Shaun later points out that “‘Worship’ in our English bible is never translated from a Greek or Hebrew word meaning “singing” or “songs.” So where is the disconnect in churches today? Does our modern view of worship distort the truth and allow us to justify lives that aren’t lived in such a way as to reflect the true meaning of worship? Can you find instances of people in scripture who encountered Jesus, became his disciple, and yet their lives were not radically disrupted for the sake of God’s Kingdom? Were there comfortable worshipers who suffered little sacrifice? Or, like the rich young ruler (Matt 19, Mark 10, & Luke 18), is it the people who are not willing to radically disrupt their lives for Christ that miss out entirely on knowing God?

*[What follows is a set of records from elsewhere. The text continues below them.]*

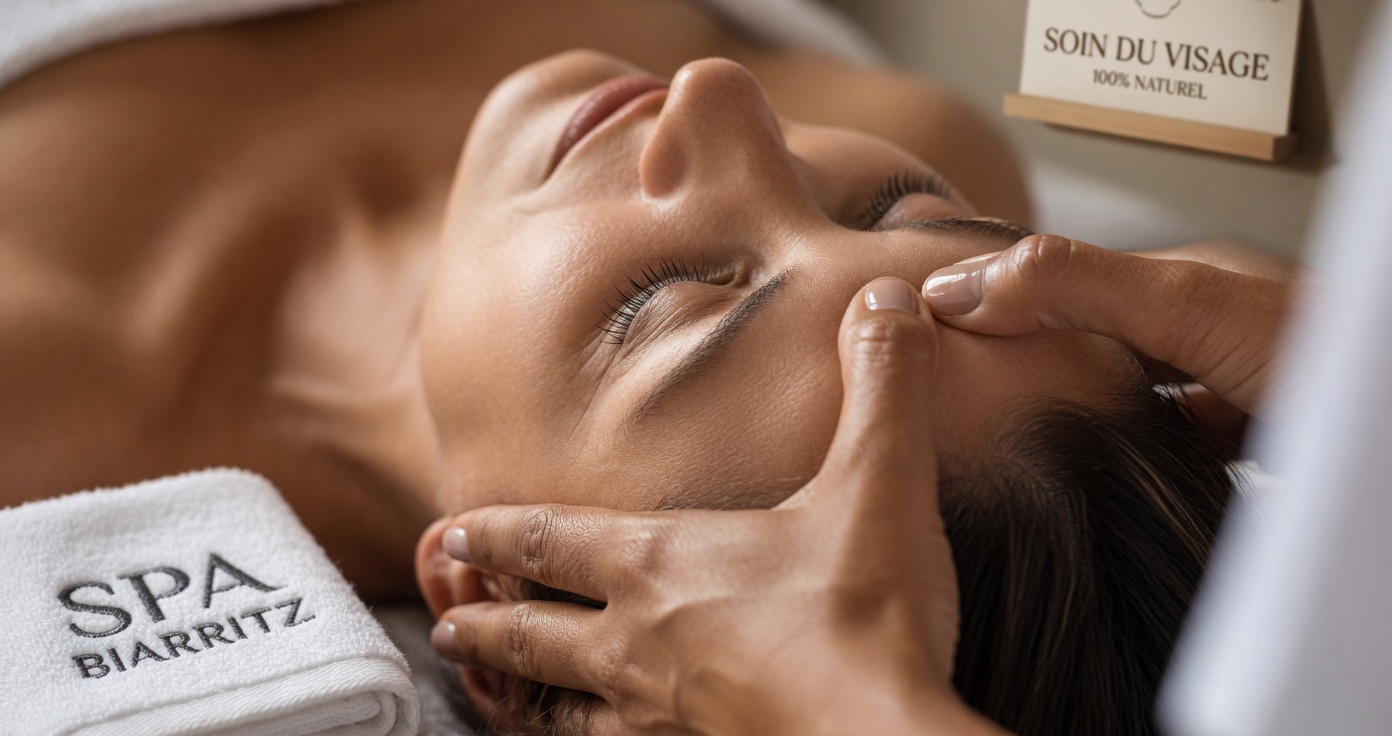 Seniors : révélez un éclat plus lumineux en quelques minutes grâce à ce massage facial doux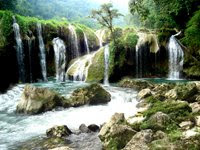 Semuc Champey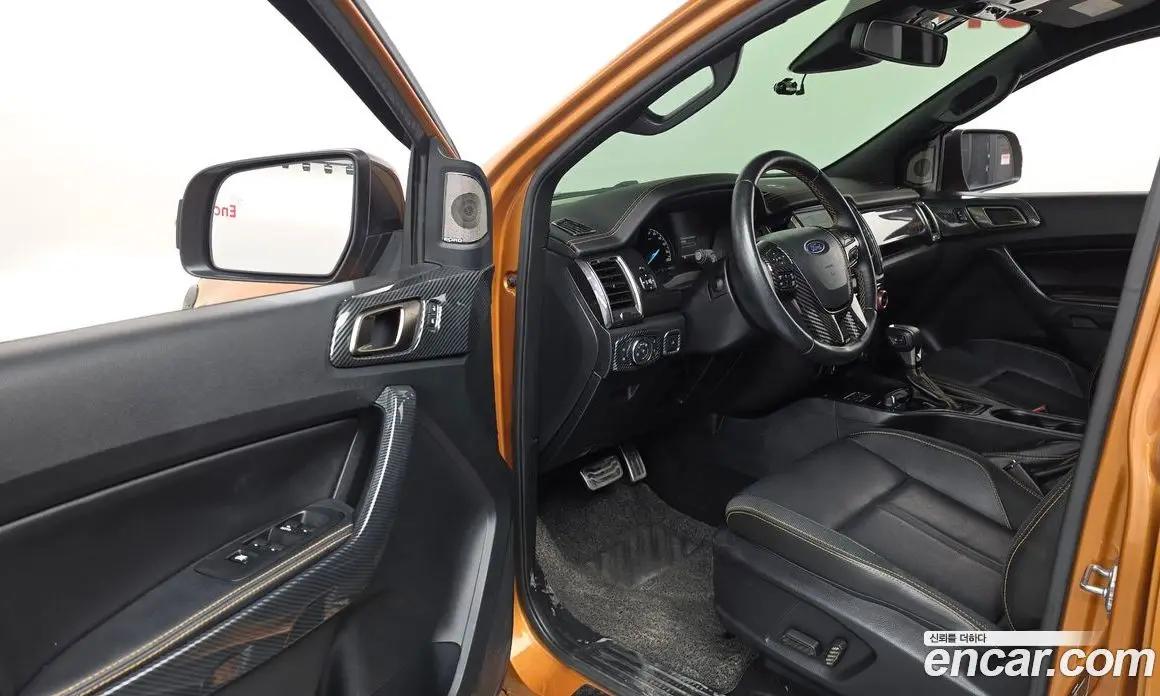 Ford Ranger 2021 2.0 автомат (гидро), фото 13 Ford Ranger 2021 2.0 автомат (гидро), фото 13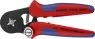 97 53 04 Knipex Crimping and Cable Lug Pliers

I have to believe that these are questions that we, the bride of Christ, should wrestle with. Is a church that’s full of ’singers’ a beautiful church? What do you think?

name

March 16, 2007

Okay, it’s time for us to give this thing a name.  As long as we continue to call this the “3rd Sunday Service” it’s going to be hard for us to think of this as more than just a… service.  This is (God willing) a movement.  Services are events.  Movements are organic.  Movements cannot be controlled by man, are often radical in nature and result in a change of some sort.  Movements are bigger than any one person or group.  Like ideas, they have the ability to make lasting change.  After all, ‘movement is a sign of life’. 

This movement is not about events…it’s about transformation.  It’s about restoring the beauty of the church.

So, I’m going to list our current name ideas below.  This is your chance to leave a comment to this blog entry with either new name ideas to add to the list, or to vote for which one(s) you like best.  Let’s make it our goal to name this by the end of the month.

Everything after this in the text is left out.